Like Dias Irea, the death motif from clear back in the Middle Ages.
It's in all sorts of things: the movie "The Ring," Berlioz's "Symphony Fantastique," heck, we played it in band today in one of the movements in "The Epic of Gilgamesh."
Media allows memes to travel...little "Swimming memes"
Ha ha. Funny.
These little memes swimming through media waves can sweep through the world in seconds thanks to the internet.
(I love Firefox.)
Do animals have memes?
Once I saw some monkeys on TV.
One was taught to work this little "monkey slot machine" that gave her a treat if she pulled the levers and pushed the buttons in the right order.
Then other monkeys in her little group watched her do it, then they all took a turn and they could do it too. On the first try--just from watching.
It was all the rage.
Then they took the "slot machine" and let the enemy monkeys in the cage across the way try it, and just from watching a those other ones do it, who weren't even the same type (in fact one type of monkey would kill and eat the other type of monkey if they were together.) well, anyway, those monkeys could do it on their first try too, and they were in a zoo. It wasn't like some scientist was holding down said enemy monkeys and making them watch. They had other things they could be doing like climbing on their jungle gym or picking fleas out of one another, or just sitting somewhere out of sight, but some watched and learned and imitated. That's what memes are: "any thought or behavior that can be passed from one person [or perhaps monkey] to another by means of imitation." (thanks Wikipedia, even though you are often unreliable. I won't even get started on that from my intellectual/history major viewpoint.) Memes are often in the form of fashion trends, like in Korea when every girl had one of those velcro monkeys around her neck for about 2 weeks. That meme passed quick.
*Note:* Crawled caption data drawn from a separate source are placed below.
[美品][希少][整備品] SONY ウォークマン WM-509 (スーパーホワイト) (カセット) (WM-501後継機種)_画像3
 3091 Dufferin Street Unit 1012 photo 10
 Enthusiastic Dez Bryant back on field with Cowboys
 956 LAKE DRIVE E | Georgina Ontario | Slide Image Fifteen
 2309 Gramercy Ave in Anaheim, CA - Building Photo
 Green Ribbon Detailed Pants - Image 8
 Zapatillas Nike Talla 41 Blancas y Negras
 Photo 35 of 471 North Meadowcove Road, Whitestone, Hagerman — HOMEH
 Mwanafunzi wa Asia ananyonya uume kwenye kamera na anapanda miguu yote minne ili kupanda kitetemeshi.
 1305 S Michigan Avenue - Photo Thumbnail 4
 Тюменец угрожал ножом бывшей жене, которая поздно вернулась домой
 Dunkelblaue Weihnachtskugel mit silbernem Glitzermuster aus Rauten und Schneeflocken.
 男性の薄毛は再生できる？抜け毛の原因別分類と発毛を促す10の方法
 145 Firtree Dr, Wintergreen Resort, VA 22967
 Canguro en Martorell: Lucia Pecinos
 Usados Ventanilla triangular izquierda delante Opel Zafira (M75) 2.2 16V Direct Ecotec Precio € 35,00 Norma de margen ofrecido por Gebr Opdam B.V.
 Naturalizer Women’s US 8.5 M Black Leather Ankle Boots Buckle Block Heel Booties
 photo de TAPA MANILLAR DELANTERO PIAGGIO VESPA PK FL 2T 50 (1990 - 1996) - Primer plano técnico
A library is a giant reservoir of memes say Dr. Nickerson.
Memes go out of style, but we keep a record, and sometimes they come back. Like bell bottoms. Museums are meme reservoirs. One guy in class pointed out that DI is a big meme reservoir. "Don't mind me, I'm just going to that big storehouse of memes next to Central Park" or "I'm going to go study at the meme reservoir where it's quiet." Or, "Hey, I could really use a 25 cent shirt, I'm going to go shop at Dated Meme Industries."

Libraries are today's Oral Tradition. Not that it's's what has taken that place. Instead of having someone keep our stories in their brains for us, everything is stored in books, newspapers, etc. and that all ends up at the library. Of course before libraries came around written language replaced oral tradition. Did you know The Epic of Gilgamesh was written in the first written language? Not the music I played in band today, but the actual epic. But still weird how things end up linking, isn't it?

My phone's ringing. In class today Dr. Petersen told us the flip phone comes from an idea on Star Trek. I've never watched Star Trek, but that's still pretty cool. So obviously science fiction can influence technology. They were making comic books about going to space before anyone actually did it. But what do you bet those NASA engineers and Sputnik creators read those comic books as a kid and dreamt? Ok, so I'm not sure if that kind of stuff was popular in the Soviet Union, but possibly. When I wrote my senior thesis last semester there was a girl who wrote her thesis at the same time and her's was on how science fiction affected history. (Because we're history majors.) But really, technology is part of history. What American history class have you taken that didn't cover the cotton gin or the Industrial Revolution? Ever heard of Johannes Gutenberg and his movable type? That changed history. "My favorite tall tale is about Eli Whitney and his interchangeable parts." I can't remember who said that, but it's still pretty awesome and somewhat relevant since I was talking about inventions and the cotton gin, which also happened to be invented by Eli Whitney.